Well, I've read three books in the last four days, and all gay historical stories written by men, and they've made me think. Because all three of them (Firelands and Frontiers by Michael Jensen, and Master of Seacliff by Max Pierce) are 1. Very well written and 2. Romances.
They are more sentimental in parts than most of what I've been reading from women writers, and the sex is so soft as to be non-existent.
I know that this is rather judgemental of me to be surprised at this, but these books are the first gay historicals written by men I've knowingly read, other than James Lear's wonderful "The Back Passage" and if I'd been asked to guess the gender I would have said "female" for all three. The only thing that might have made me pause was the obvious want of the writers to get the historical details right.
Now - before I beat myself up with my own assumptions I'll just talk about a theory of mine regarding historical fiction. I've belonged in my time to a few historical novelists groups, particularly of the critique type and I've noticed that IN MY EXPERIENCE (underlining that this is purely *MY* experience) that men seem to get the detail right, or attempt to more than women. I'm not saying for one second that there's not 10000's of women writers out there who are getting it right, and striving to do so, but this is what I found, with unpublished novelists in critique groups.
My theory is therefore, that women read a lot of historical romances. Let's be frank - there are a lot of historical romances that don't bother to get the nitty gritty right, and do little more than put characters in period costume but have them still hold the modern mind set of today.
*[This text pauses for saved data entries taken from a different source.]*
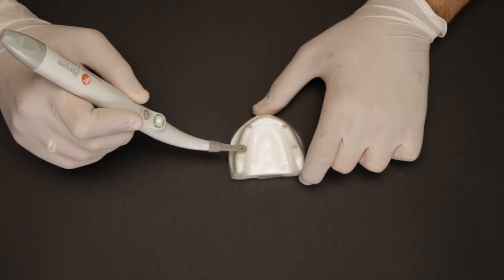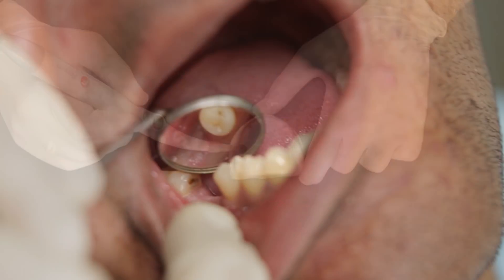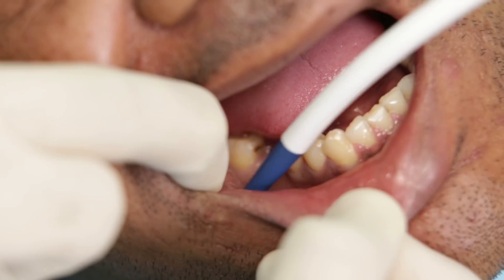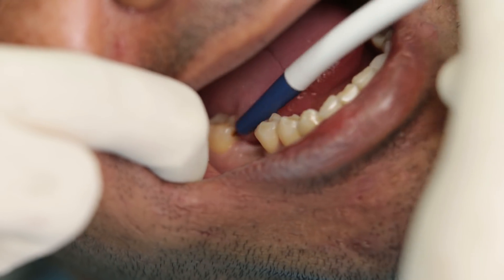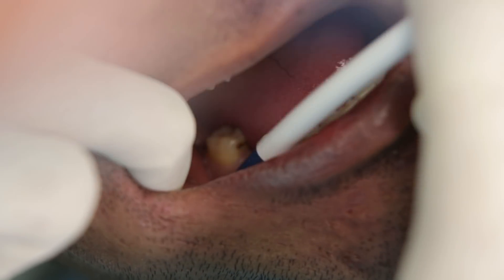So let's go ahead and see how we use the implant locator on our live case. This is a case where I have placed an implant in the 4-6 region a few months ago. I am highly satisfied by the healing and it's time for the second stage surgery now.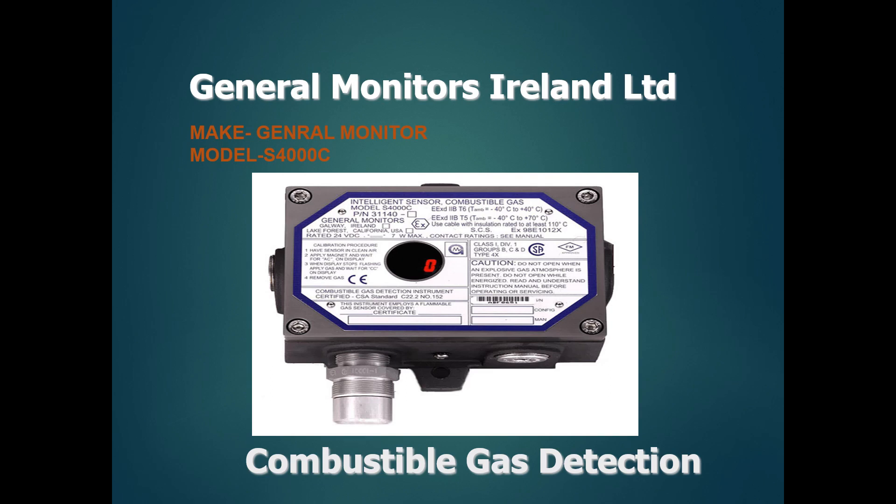Hi guys, this is FXRD, this is our channel UpSteam and DownSteam. We are going to show you how to calibrate the fixed combustible gas detector. We are going to show you the General Monitor gas detector, Model S-4000C. This is a very user-friendly and effective combustible gas detector.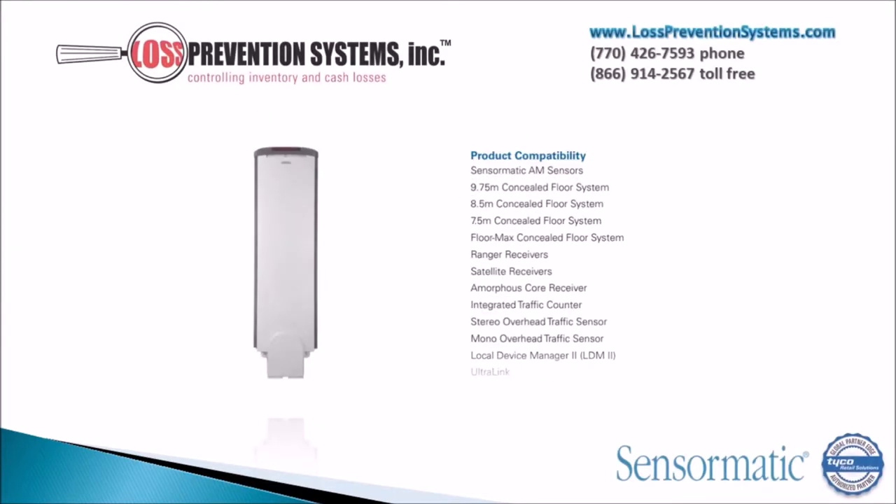This system is compatible with many Sensormatic products, such as AM Sensors, Ranger Receivers, Satellite Receivers, Amorphous Core Receivers, and Multiple Concealed Floor Systems.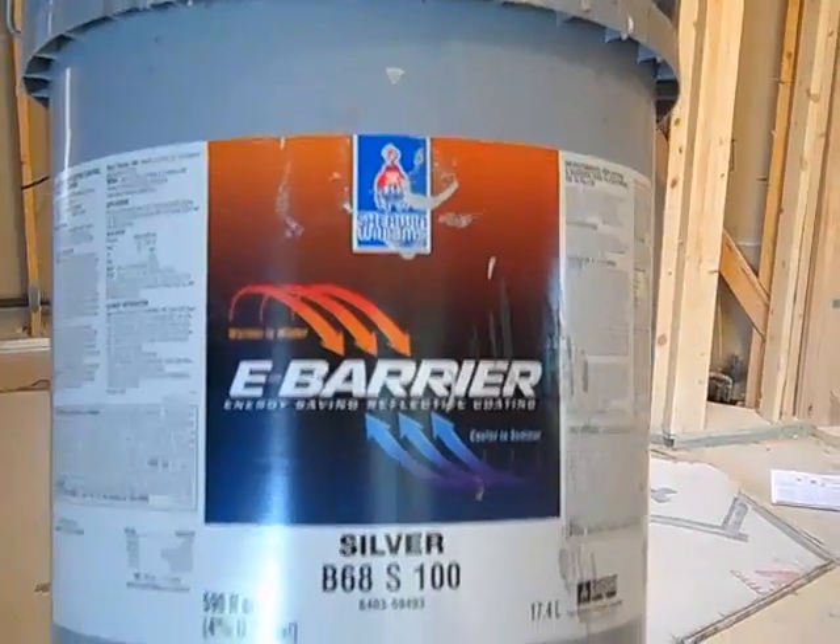You can buy it in five-gallon increments. This house is about 3,500 square feet on the first level and we've got about a 6/12 pitch roof. It looks like it's going to take us about 20 gallons, so probably $1,200 to $1,300 in materials — not too bad for a really good addition. This should save us at least 10 to 15, maybe as much as 20 degrees in lowered attic temperatures on a July day compared to not having the radiant barrier in the attic.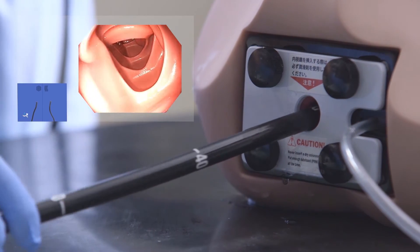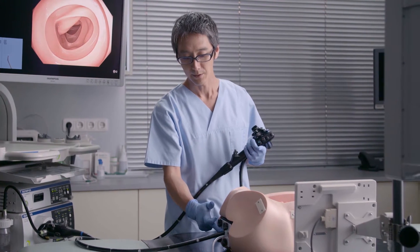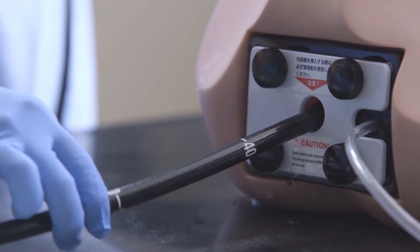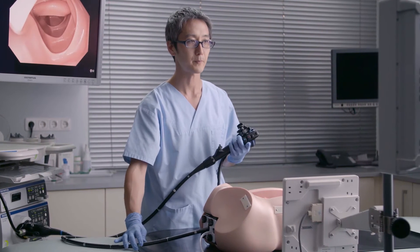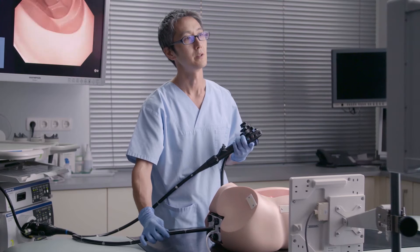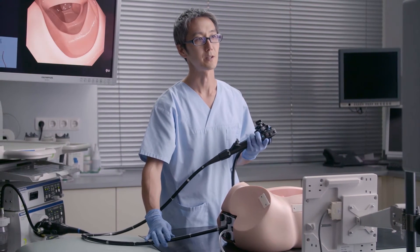The sigmoid-descending junction is usually at 30 to 40 centimeters, so you should always look at the length of how far you have the instrument inside the colon. Sometimes, water collection in the descending colon can also be a landmark to confirm that you are in the descending colon.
So people read these books and they think "I could do as well as this" and then they perpetuate the myth, they copy the Heyerisms and each time it gets a little more exaggerated until it's a parody of the time involved.
I used to see this is fan fiction. Faction, or Fanon - is where something almost becomes canon because it's written about so often, the lines between what's real and what's homage becomes blurred. For example, In Harry Potter fanon Lucius abuses Draco, whether physically or mentally or sexually. Remus and Sirius are a couple and so on.
So a lot of women writing historical fiction are only writing carbon copies - riffs if you like - of other historical fiction they've read and loved. Regency being the most popular of this maligned genre, for example.
However, my theory goes on - MEN read O'Brien (Jack Aubrey) Forester (Hornblower) Cornwell (Sharpe etc) and see just how paintstaking their research is and they think "Cripes - if I'm going to write this, I'd better work hard to get as good as this)
Yes yes yes - I know this is generalising but I still think this holds a lot of water.
I'll be doing reviews of the three books I've mentioned in a while, but they are all highly recommended. My filthy mind would have liked some hot sex, but I can't have it all, all the time. I'll have to go and seek out some women writers!!!
*G*
Oh and I finished Eragon too. Not awful. Can't see what everyone hates about it. I've read worse. A lot worse. Stupid ending (yeah blah blah sequel bleakwell) and the derivative names from Scandanavia and bizzarely Japan drove me bonkers, but readable. I hate Eragon and I REALLY REALLY want Saphira to die more than I can say....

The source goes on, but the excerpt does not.